→ Action item
From the entries below, copy exactly the lines from the one that contains "DAVID BOWIE BY" through the one that contains "Urbanart Mens Black Sneaker", both included, and only those.

→ Data shown
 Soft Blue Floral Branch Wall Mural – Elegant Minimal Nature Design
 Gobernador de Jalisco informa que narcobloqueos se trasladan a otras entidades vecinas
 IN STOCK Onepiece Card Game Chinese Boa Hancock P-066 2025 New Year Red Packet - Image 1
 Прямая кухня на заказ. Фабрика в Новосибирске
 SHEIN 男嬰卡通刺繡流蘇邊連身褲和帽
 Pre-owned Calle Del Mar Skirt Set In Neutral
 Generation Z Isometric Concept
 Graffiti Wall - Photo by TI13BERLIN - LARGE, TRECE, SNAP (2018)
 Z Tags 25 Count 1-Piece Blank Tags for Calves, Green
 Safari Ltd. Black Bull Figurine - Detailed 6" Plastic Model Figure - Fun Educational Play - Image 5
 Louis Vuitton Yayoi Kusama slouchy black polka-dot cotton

* * *

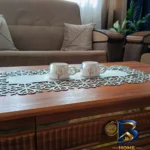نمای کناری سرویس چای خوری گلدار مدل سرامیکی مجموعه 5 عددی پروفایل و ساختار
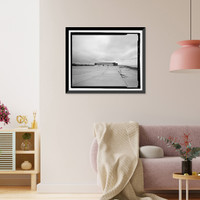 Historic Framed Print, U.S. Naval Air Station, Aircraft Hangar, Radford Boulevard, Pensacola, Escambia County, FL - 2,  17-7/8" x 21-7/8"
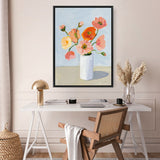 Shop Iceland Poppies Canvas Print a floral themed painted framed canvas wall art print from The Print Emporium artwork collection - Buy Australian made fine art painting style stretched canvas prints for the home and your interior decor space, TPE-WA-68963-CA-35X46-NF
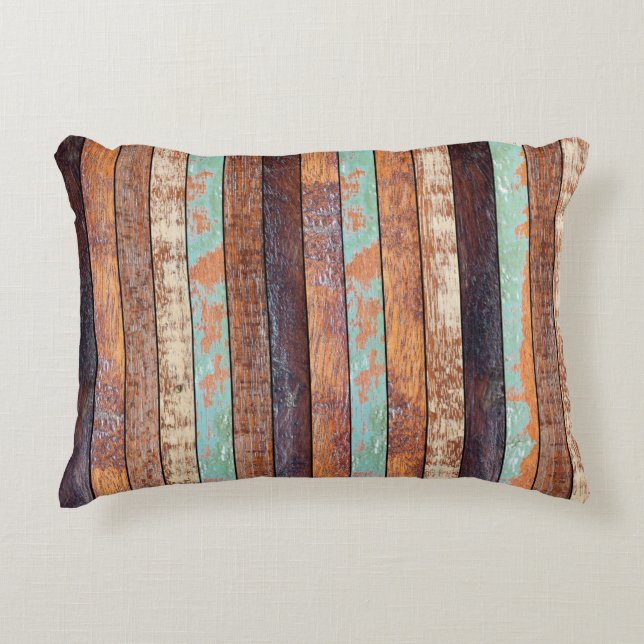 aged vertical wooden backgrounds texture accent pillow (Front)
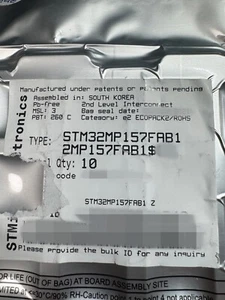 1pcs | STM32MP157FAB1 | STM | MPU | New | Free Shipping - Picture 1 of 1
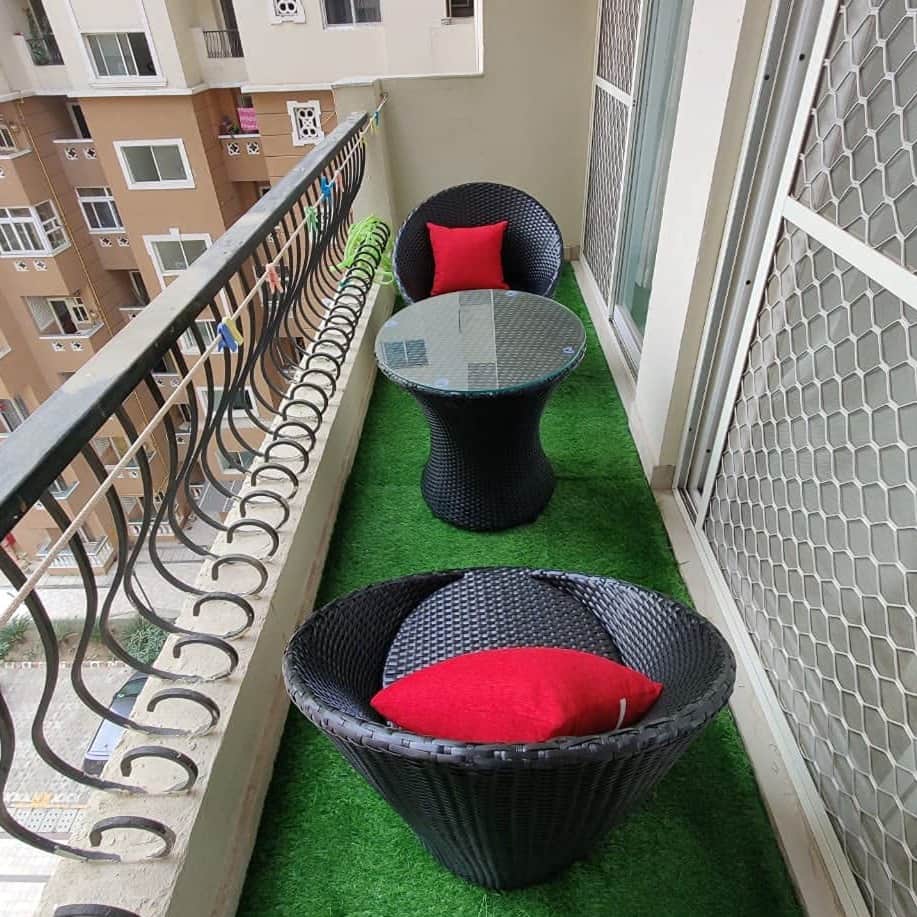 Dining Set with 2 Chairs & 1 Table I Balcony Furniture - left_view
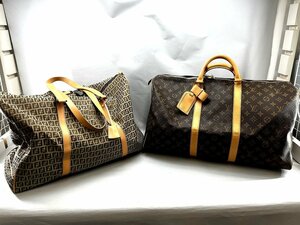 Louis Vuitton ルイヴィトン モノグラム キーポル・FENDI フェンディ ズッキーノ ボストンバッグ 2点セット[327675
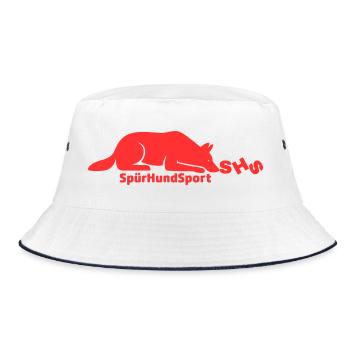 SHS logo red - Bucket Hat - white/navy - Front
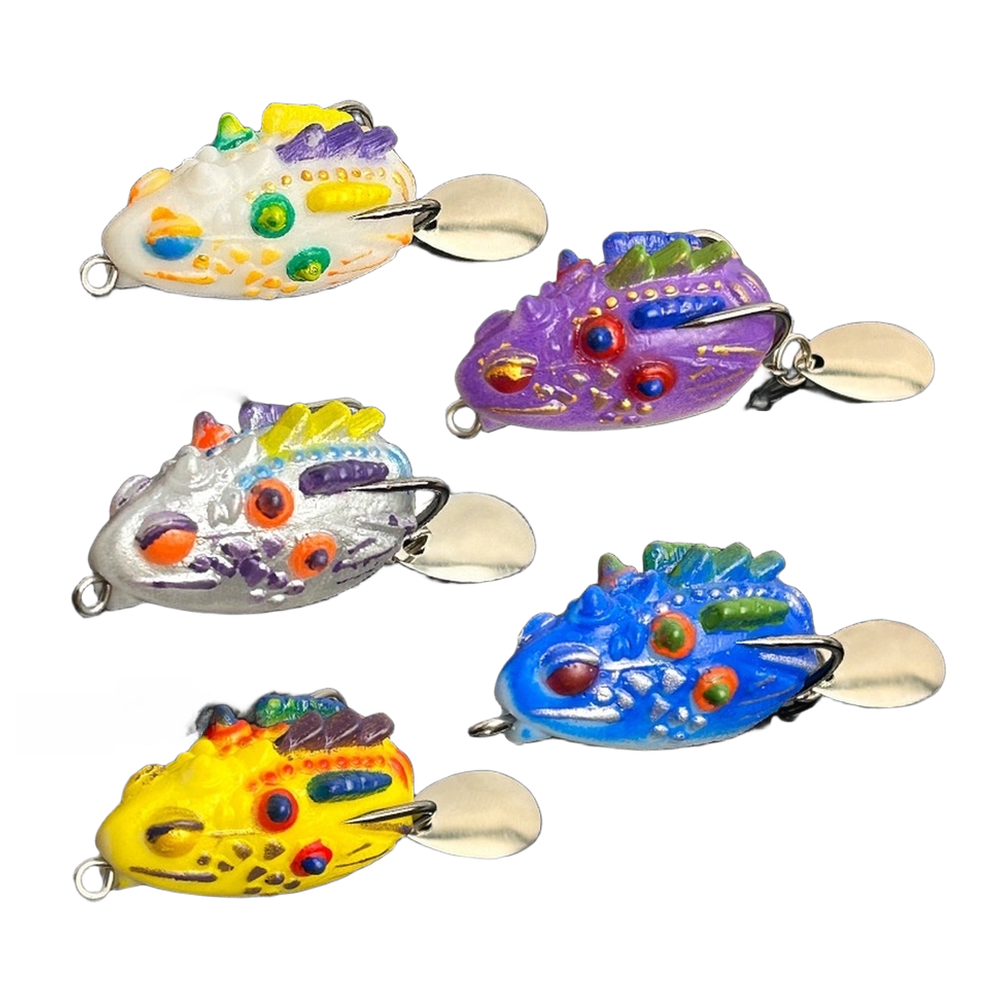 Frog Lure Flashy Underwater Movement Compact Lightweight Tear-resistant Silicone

--

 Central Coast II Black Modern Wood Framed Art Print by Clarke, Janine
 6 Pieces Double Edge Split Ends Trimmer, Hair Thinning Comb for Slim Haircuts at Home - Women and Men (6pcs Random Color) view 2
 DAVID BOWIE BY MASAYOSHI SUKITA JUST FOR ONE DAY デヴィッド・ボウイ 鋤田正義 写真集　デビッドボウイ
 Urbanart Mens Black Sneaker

→ Answer box
 DAVID BOWIE BY MASAYOSHI SUKITA JUST FOR ONE DAY デヴィッド・ボウイ 鋤田正義 写真集　デビッドボウイ
 Urbanart Mens Black Sneaker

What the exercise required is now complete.